3.2.6. Using “method chains” to create more readable code¶
Suggested material
This page is optional but suggested. It shows you a way to write code. But this is useful because (A) it’s often easier to write and read and (B) I will use it in class often.
This page is about “chaining,” which is a technique I use when writing python code, to take advantage of this fact about python:
(
# anything between these parentheses
# is interpreted as one line of code
# so that long lines of code can be visually broken up
# and chunks of code (doing a set of tasks) can be grouped
)
Code chains
help us write more readable code - the “code and the flow of execution are from top to bottom, and the function parameters are always near the function itself, unlike with heavily nested function calls”, which are common in “normal” python scripts (source: a core
pandas
dev)“emphasize a correctly [and sequentially] structured interactive approach to working with data, where each operation is a ‘next step’ after the last.” (source)
lessen the need to create and mentally track temporary variables
are easy to debug: comment out operations that are failing until you fix them
you can have comments within the chains (like the example above!)
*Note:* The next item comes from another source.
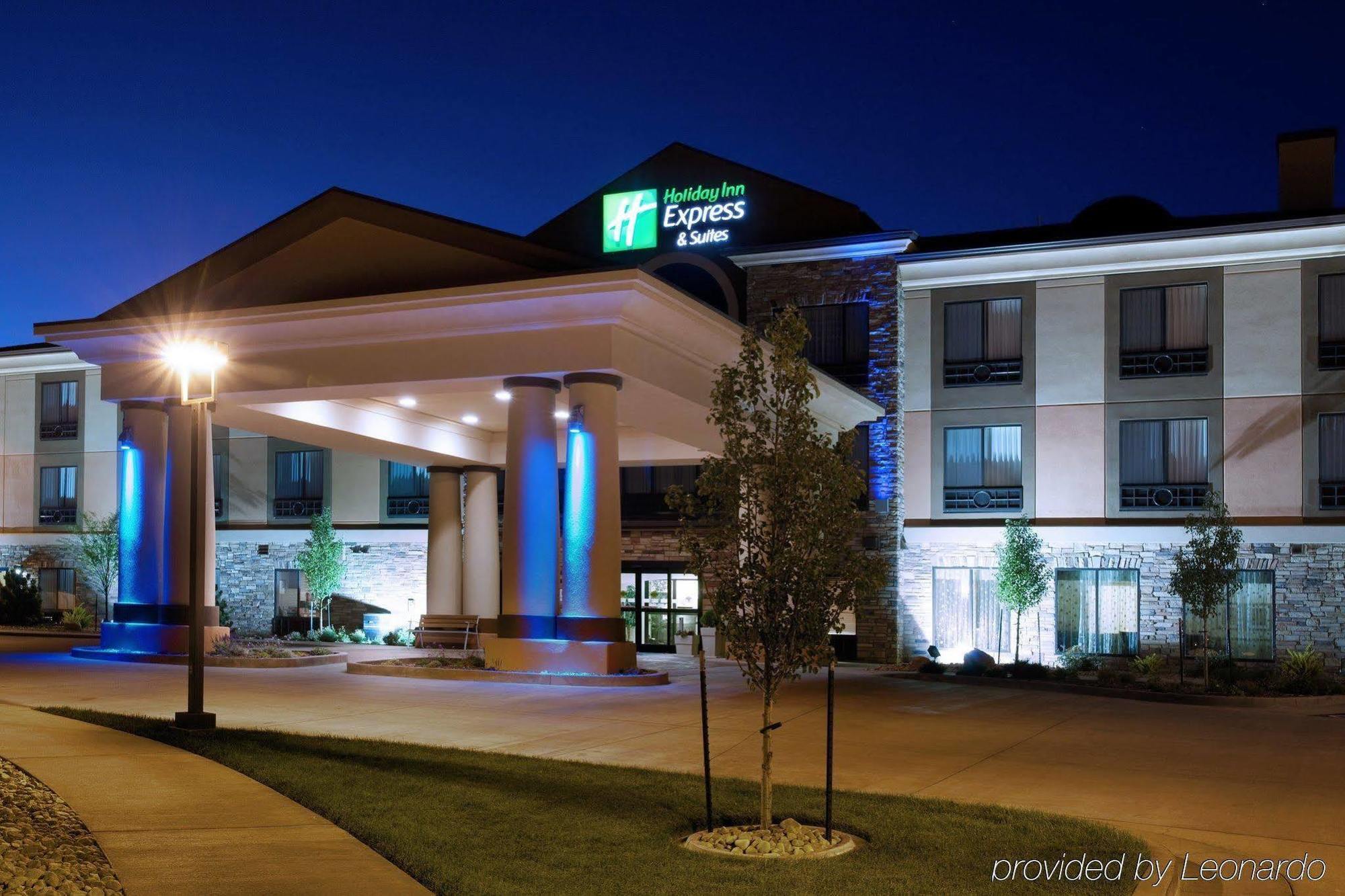 Holiday Inn Express Richfield By Ihg Buitenkant foto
only temporarily modify the object, unless you name the resulting object (like
df = ( df <stuff> ... )
)
I think it’s easiest to learn about chains via example.
The examples using chains below are within the “v1.+” tabs.
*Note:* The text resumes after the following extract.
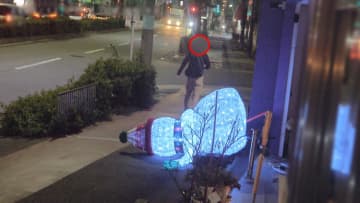 「スノーマン」置物が横倒しに…“足元ふらつき”男が引っ張り破壊　クリスマス用に設置した住人「腹が立つ」被害届提出へ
Or, An analysis of the impact of Game of Thrones
This analysis will show off slicing data, computing statistics by groups, and some plotting.
I didn’t find an off the shelf data set to run our seminal analysis in Chapter 2, but I found another option.
Let’s explore if Game of Thrones changed how babies are named!1
3.2.6.1. Step 1: Download the data¶
In this example, we use a data.world function to download their data.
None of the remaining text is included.